Prompt:
Copy exactly, no pictures: every line from the one that contains "Building Photo - 9233 SW 8th St Unit 404" through the end of the entries below.

Task material:
☆ ☆ ☆ ☆ ☆ ☆ ☆
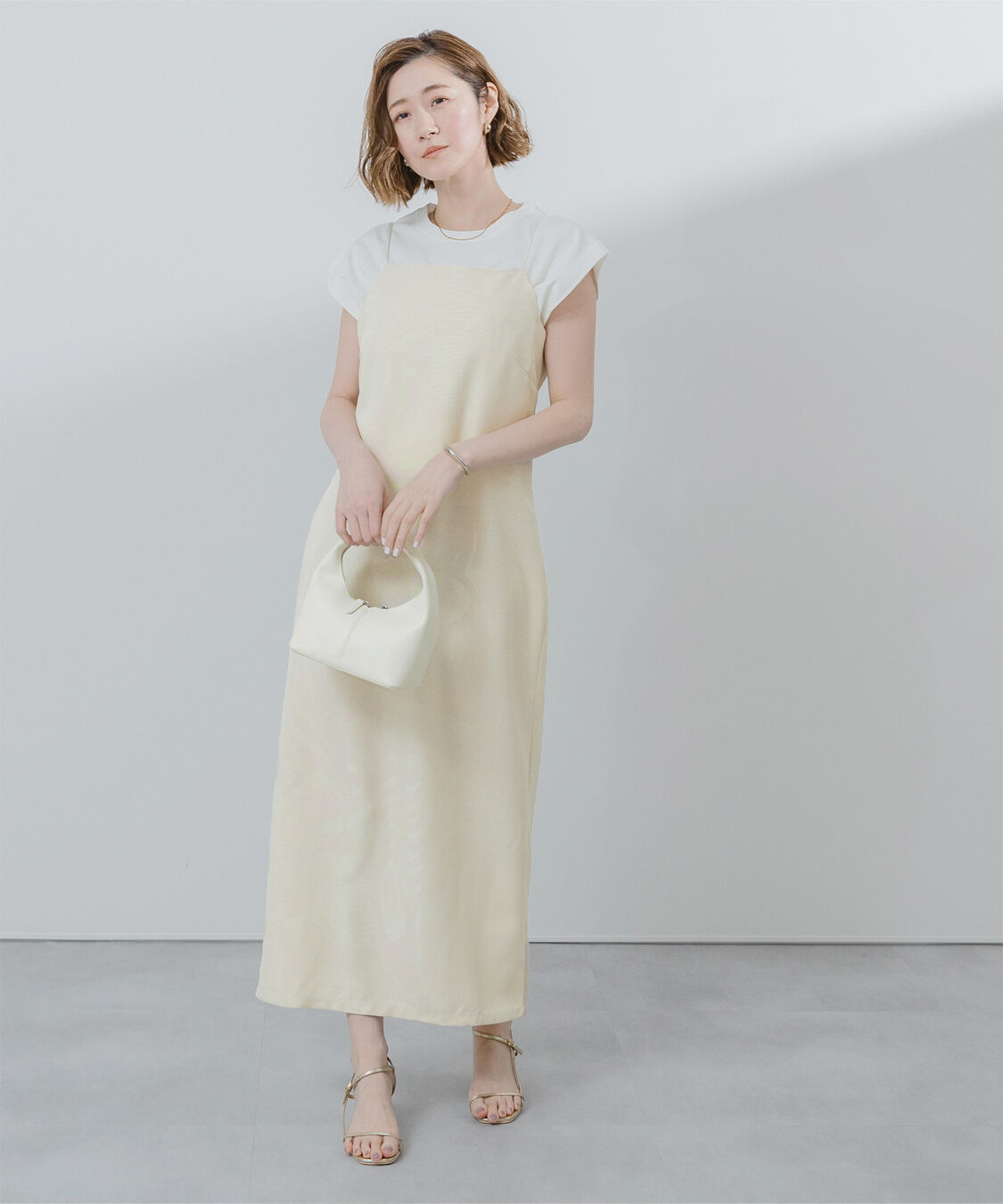 ur's「リネンライクIラインキャミワンピース」|ワンピース|アイボリー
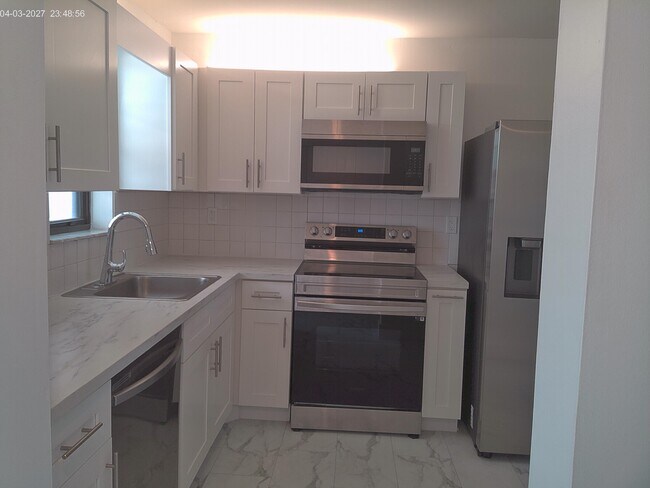 Building Photo - 9233 SW 8th St Unit 404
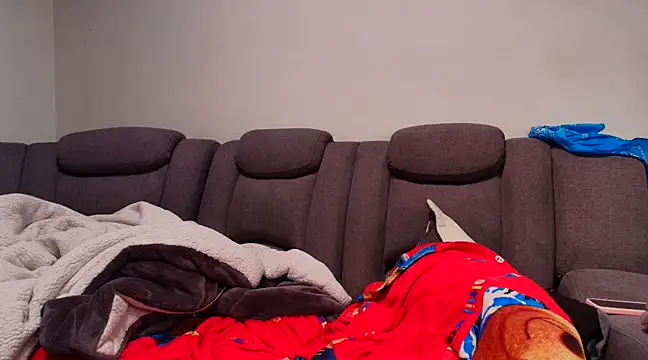 TinnaDawsom online show from March 12, 2025, 7:04 pm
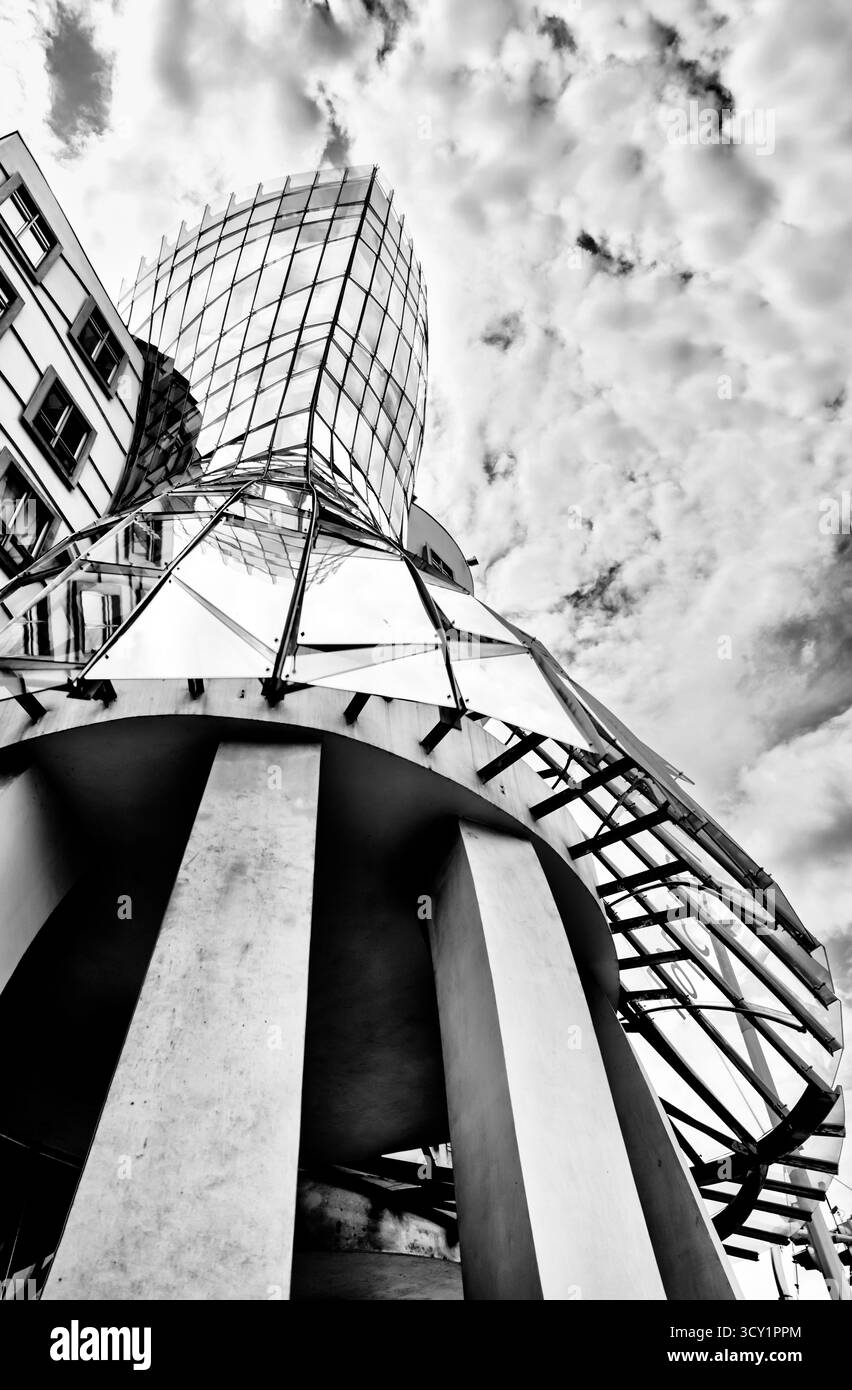 Vues spectaculaires en noir et blanc de la Maison dansante de Frank Gehry à Prague, République tchèque, prises d'en bas avec une perspective grand angle Banque D'Images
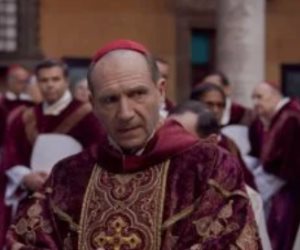  قبل التصويت للبابا الجديد.. لماذا شاهد الكرادلة الحقيقيين فيلم Conclave؟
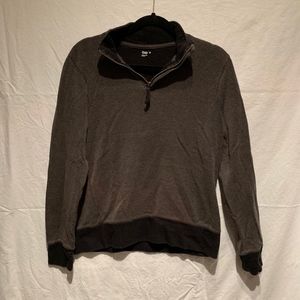 Gap contemporary stripped pullover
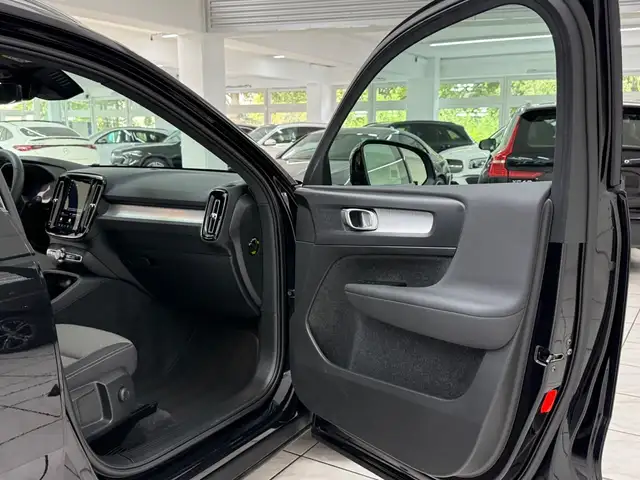 Volvo XC40 view 8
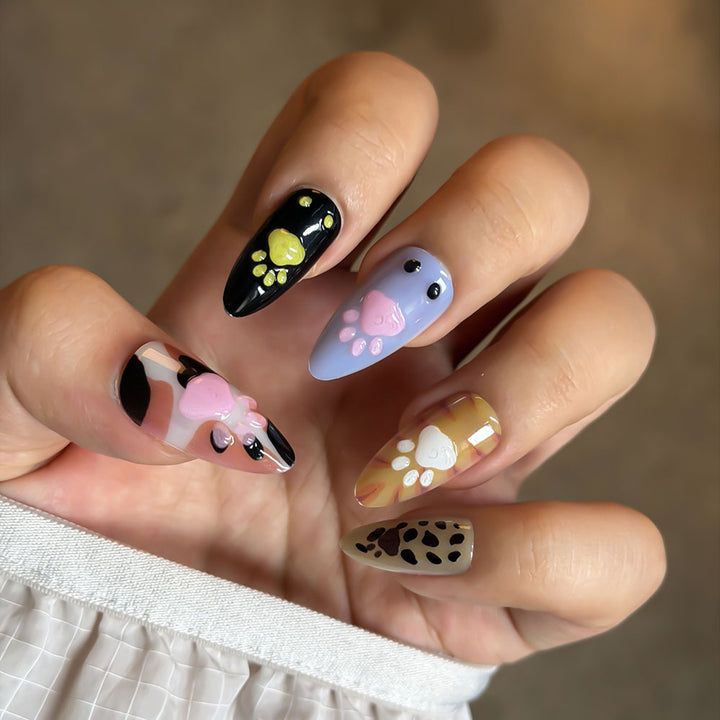 Playful Patterned Press-On Nail Art Set Kalsten
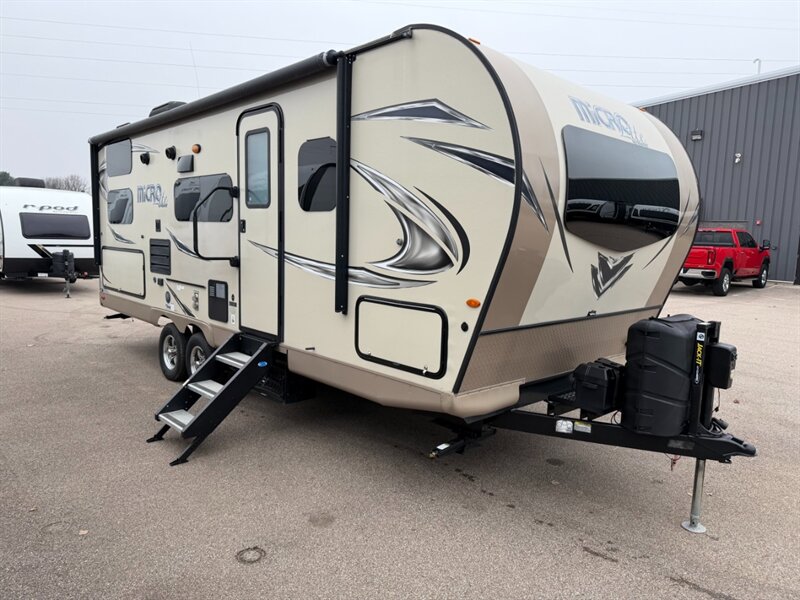 2019 Forest River Flagstaff Micro Lite 25BRDS   - Photo 1 - Goshen, IN 46526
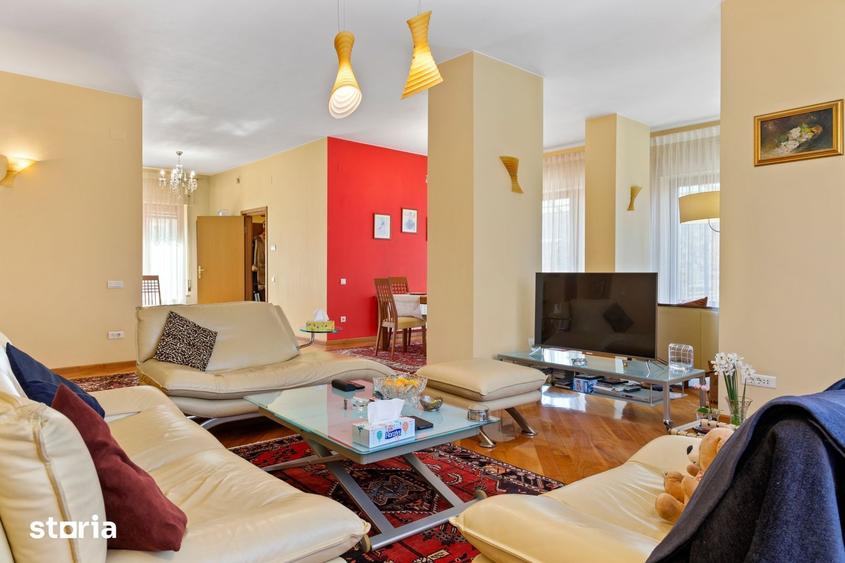 Casă cu 8 camere cu Teren 140 Mp în Dorobanți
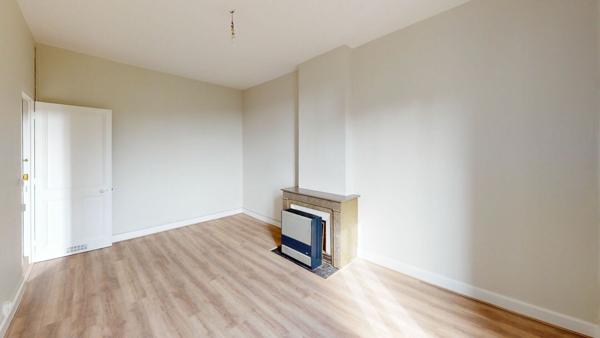 Appartement à louer    1 pièce • 41,80 m2 Saint-Étienne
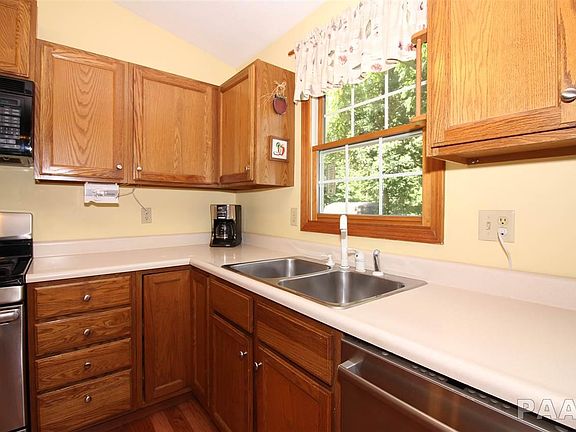 5th image of 28 Yorkshire Dr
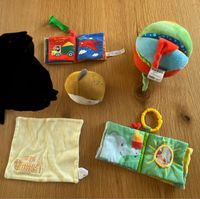 5 Babyspielsachen Spielzeug Baby Schnuffeltuch Knisterbuch Hessen - Butzbach Vorschau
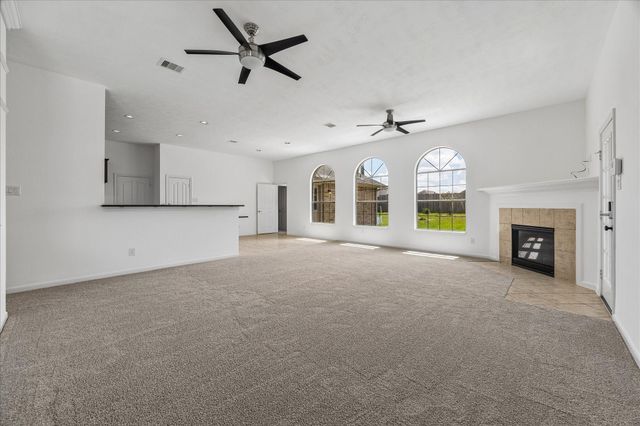 2410 Arabian Trail, Manvel, TX 77578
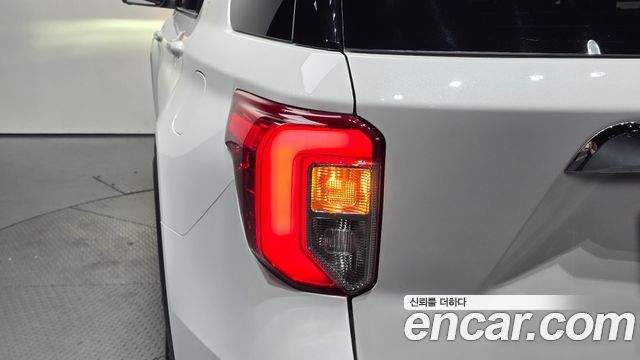 Ford Explorer (VI) 2.3 LimIted 4WD 2021 — фото 23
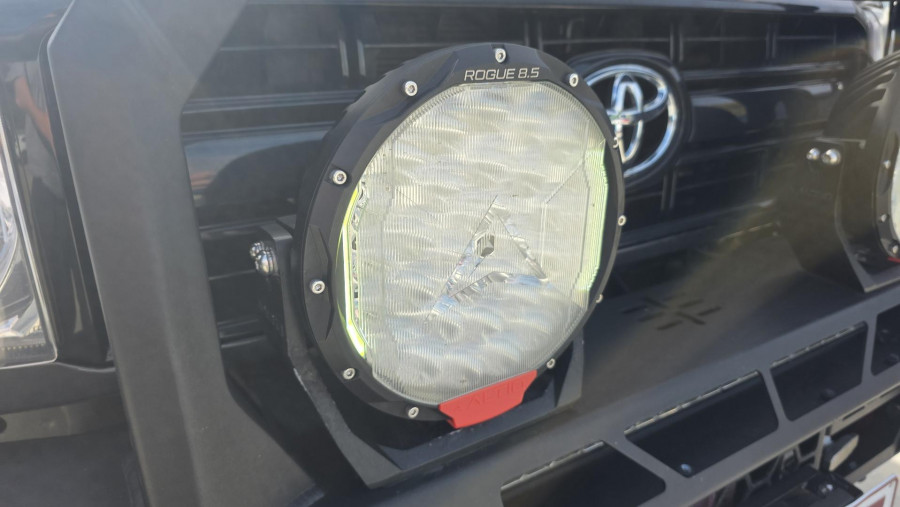 2022 Toyota LandCruiser VDJ76R WorkMate SUV Image 9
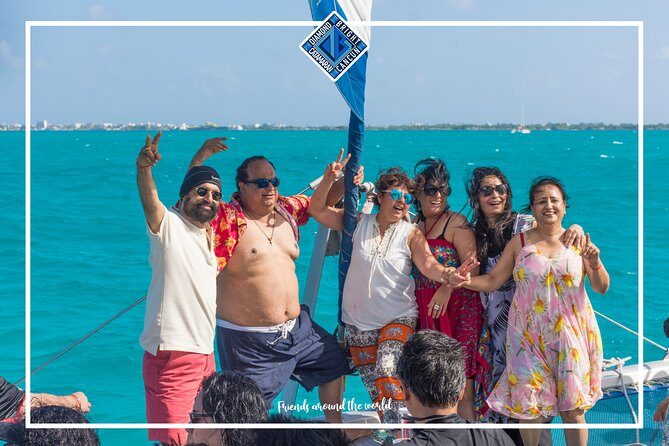 Luxury Catamaran tour to Isla Mujeres with Transportation from Cancun - Wrapping It Up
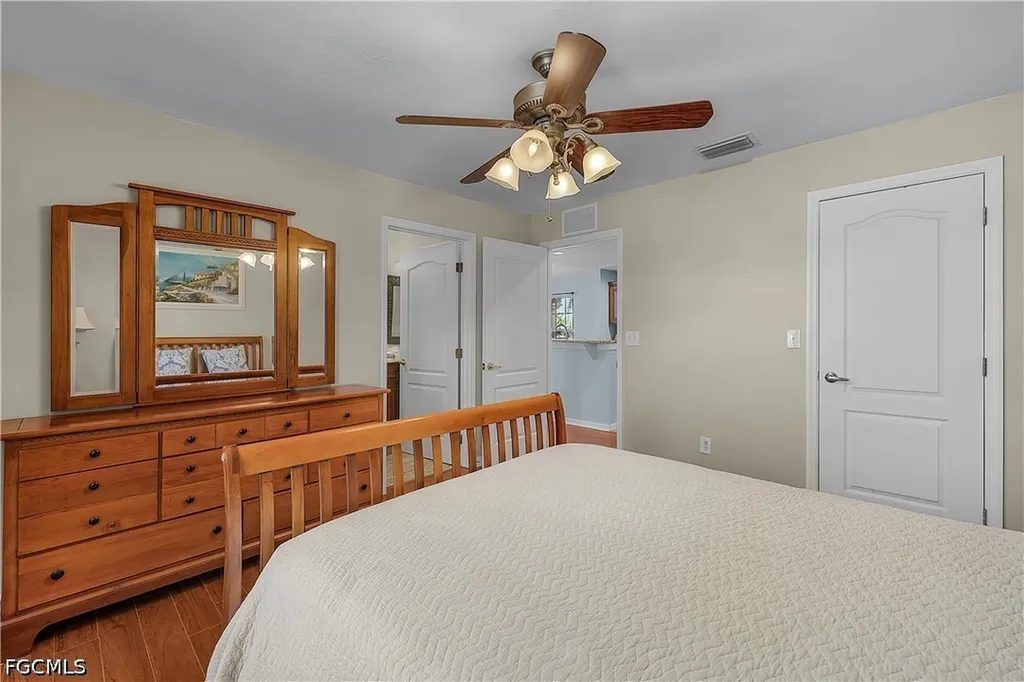 3928 NW 41st Place Cape Coral FL 33993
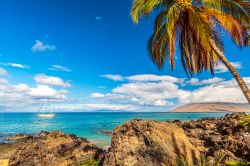 La costa di Kamaole Beach nei pressi di Kihei, Hawaii, con una barca ormeggiata al largo nelle acque del Pacifico.
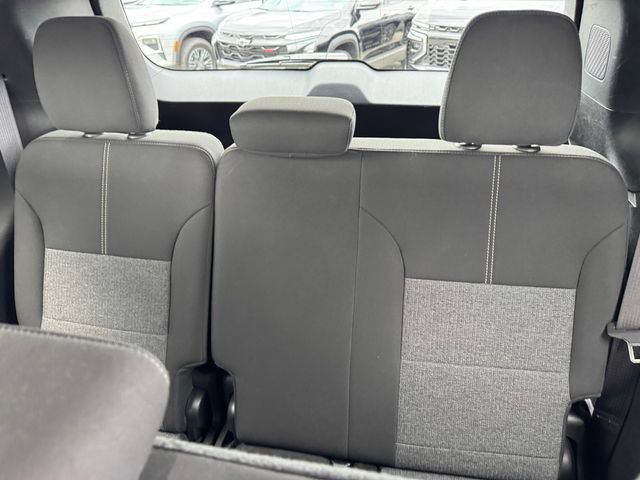 Certified 2025 GMC Acadia Elevation AWD/4WD image 12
☆ ☆ ☆ ☆ ☆ ☆ ☆
Response area:
 Building Photo - 9233 SW 8th St Unit 404
 TinnaDawsom online show from March 12, 2025, 7:04 pm
 Vues spectaculaires en noir et blanc de la Maison dansante de Frank Gehry à Prague, République tchèque, prises d'en bas avec une perspective grand angle Banque D'Images
  قبل التصويت للبابا الجديد.. لماذا شاهد الكرادلة الحقيقيين فيلم Conclave؟
 Gap contemporary stripped pullover
 Volvo XC40 view 8
 Playful Patterned Press-On Nail Art Set Kalsten
 2019 Forest River Flagstaff Micro Lite 25BRDS   - Photo 1 - Goshen, IN 46526
 Casă cu 8 camere cu Teren 140 Mp în Dorobanți
 Appartement à louer    1 pièce • 41,80 m2 Saint-Étienne
 5th image of 28 Yorkshire Dr
 5 Babyspielsachen Spielzeug Baby Schnuffeltuch Knisterbuch Hessen - Butzbach Vorschau
 2410 Arabian Trail, Manvel, TX 77578
 Ford Explorer (VI) 2.3 LimIted 4WD 2021 — фото 23
 2022 Toyota LandCruiser VDJ76R WorkMate SUV Image 9
 Luxury Catamaran tour to Isla Mujeres with Transportation from Cancun - Wrapping It Up
 3928 NW 41st Place Cape Coral FL 33993
 La costa di Kamaole Beach nei pressi di Kihei, Hawaii, con una barca ormeggiata al largo nelle acque del Pacifico.
 Certified 2025 GMC Acadia Elevation AWD/4WD image 12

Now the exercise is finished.